Closed odanoburu closed 6 years ago
@aarneranta could you help us here? We are trying hard to debug the code to understand what is blocking the compilation of the Portuguese grammar. Even with verbosity set to 3, we don't have any clue about the cause of the problem. Any tips?

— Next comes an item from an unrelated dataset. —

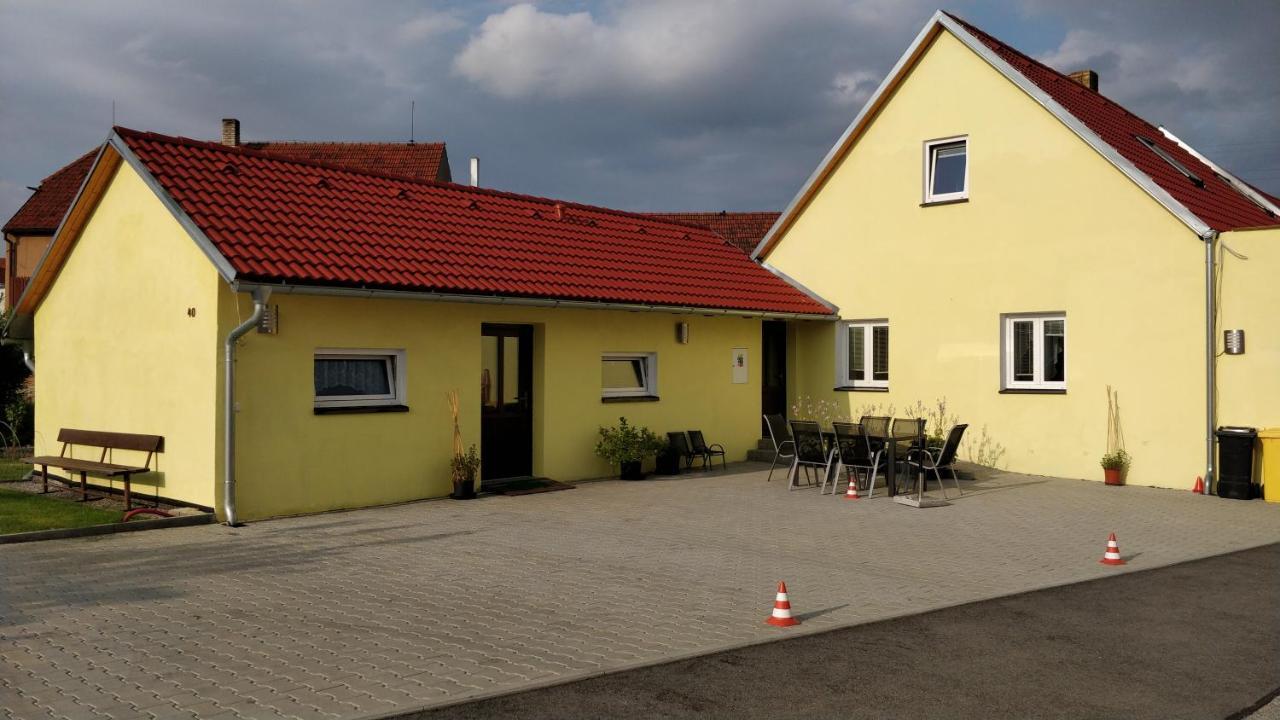 Penzion Rozarka Přísečná Eksteriør billede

$ gf -v=3 --batch portuguese/LangPor.gf
...
generating PMCFG
+ AdvS 1 (1,1)
+ AdvSlash 8 (8,1)
+ EmbedQS 1 (1,1)
+ EmbedS 1 (1,1)
+ EmbedVP 16 (2,2)
+ ExtAdvS 1 (1,1)
+ ImpVP 16 (4,4)
+ PredSCVP 16 (8,8)
+ PredVP 1536 (6264,6264)
+ RelS 4 (1,1)
+ SSubjS 2 (2,2)
+ SlashPrep 8 (4,1)
+ SlashVP 12288
@odanoburu @arademaker It just seems that SentenceRomance is slow, see all the comments here: https://github.com/GrammaticalFramework/GF/blob/master/lib/src/romance/SentenceRomance.gf#L18-L140
(The number SlashVP 12288 means that the single category SlashVP is expanded into 12288 concrete categories, one for each combination of parameters that it can possibly get: anything like the number, gender and definiteness of its arguments; is it a pronoun or not; object case, such stuff. Anything that is a parameter in some category, that is even remotely used by SlashVP.)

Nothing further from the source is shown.